→ Material to process:

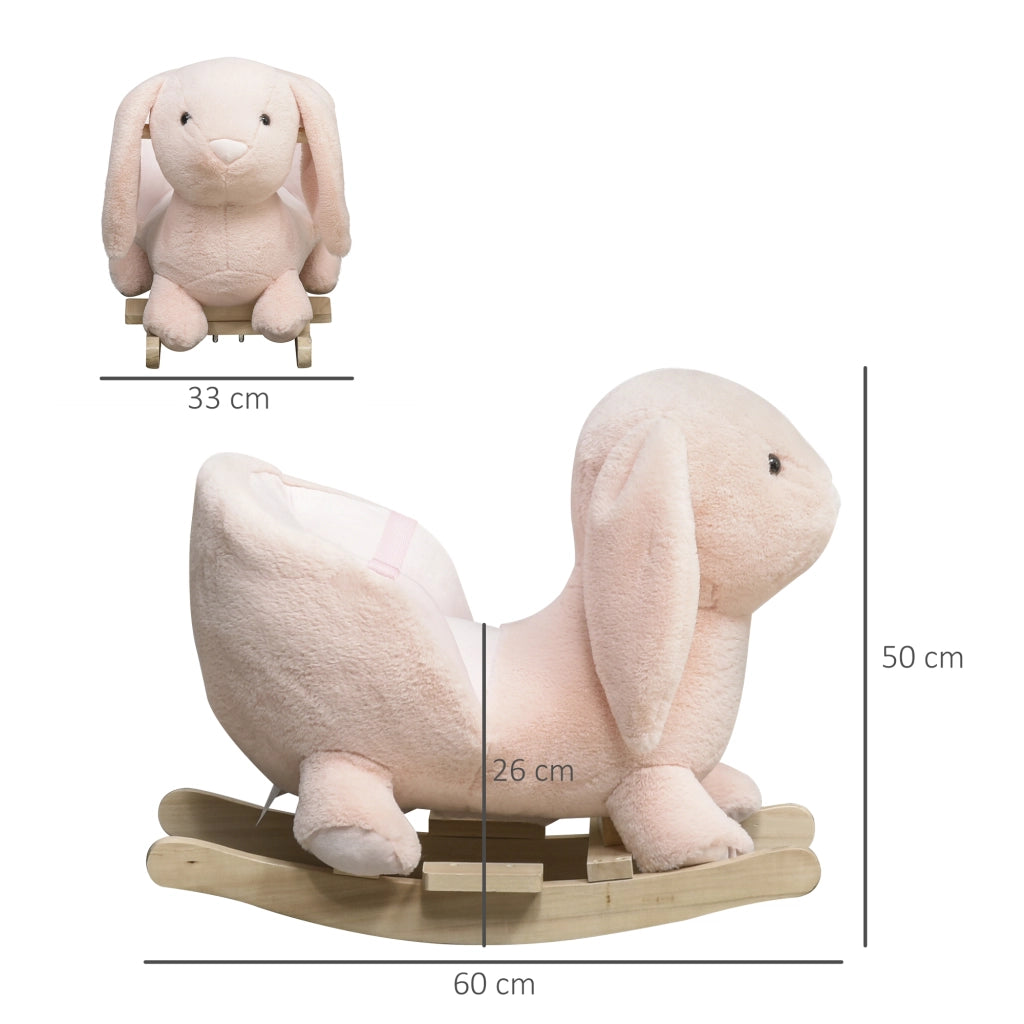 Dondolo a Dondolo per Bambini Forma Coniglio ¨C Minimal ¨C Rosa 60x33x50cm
* * *
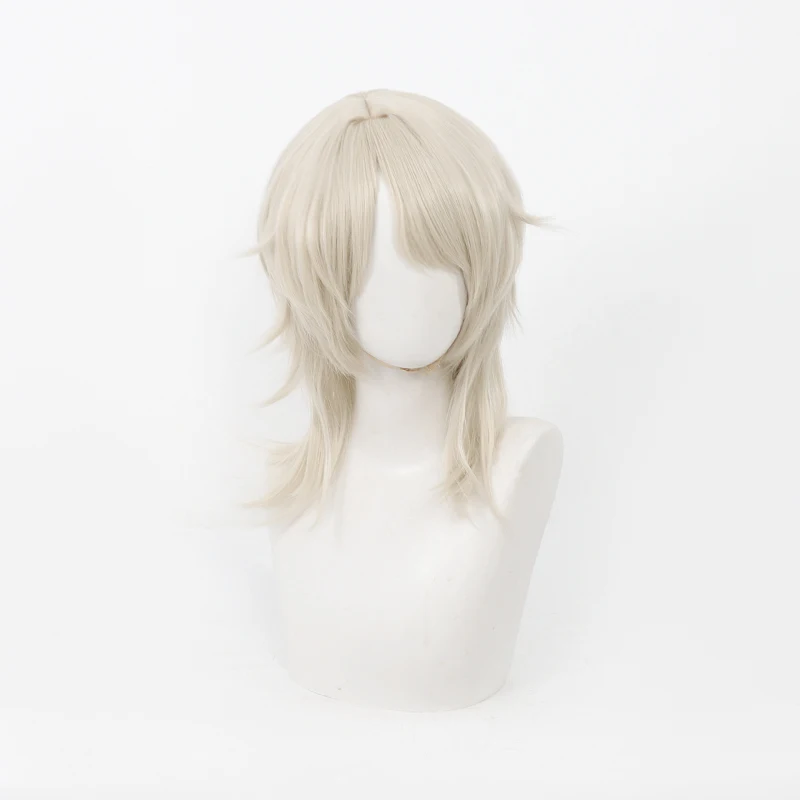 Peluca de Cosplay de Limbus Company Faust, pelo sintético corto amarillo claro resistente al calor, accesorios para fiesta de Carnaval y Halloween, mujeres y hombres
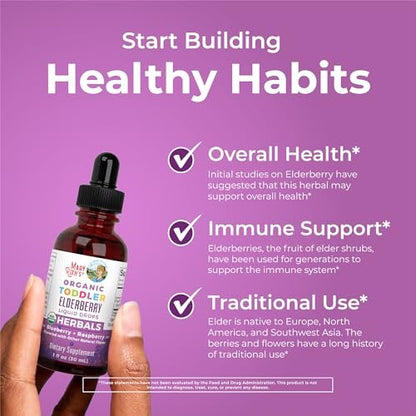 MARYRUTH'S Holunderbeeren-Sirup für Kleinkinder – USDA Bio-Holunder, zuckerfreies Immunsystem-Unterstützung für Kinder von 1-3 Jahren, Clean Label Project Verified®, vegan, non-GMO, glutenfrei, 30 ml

→ Problem description:
Starting at the line with "Peluca de Cosplay" in the entries above, write out every line exactly until the line with "MARYRUTH'S Holunderbeeren-Sirup für" has been written. Include no pictures and nothing more.

→ Solution for this problem:
 Peluca de Cosplay de Limbus Company Faust, pelo sintético corto amarillo claro resistente al calor, accesorios para fiesta de Carnaval y Halloween, mujeres y hombres
 MARYRUTH'S Holunderbeeren-Sirup für Kleinkinder – USDA Bio-Holunder, zuckerfreies Immunsystem-Unterstützung für Kinder von 1-3 Jahren, Clean Label Project Verified®, vegan, non-GMO, glutenfrei, 30 ml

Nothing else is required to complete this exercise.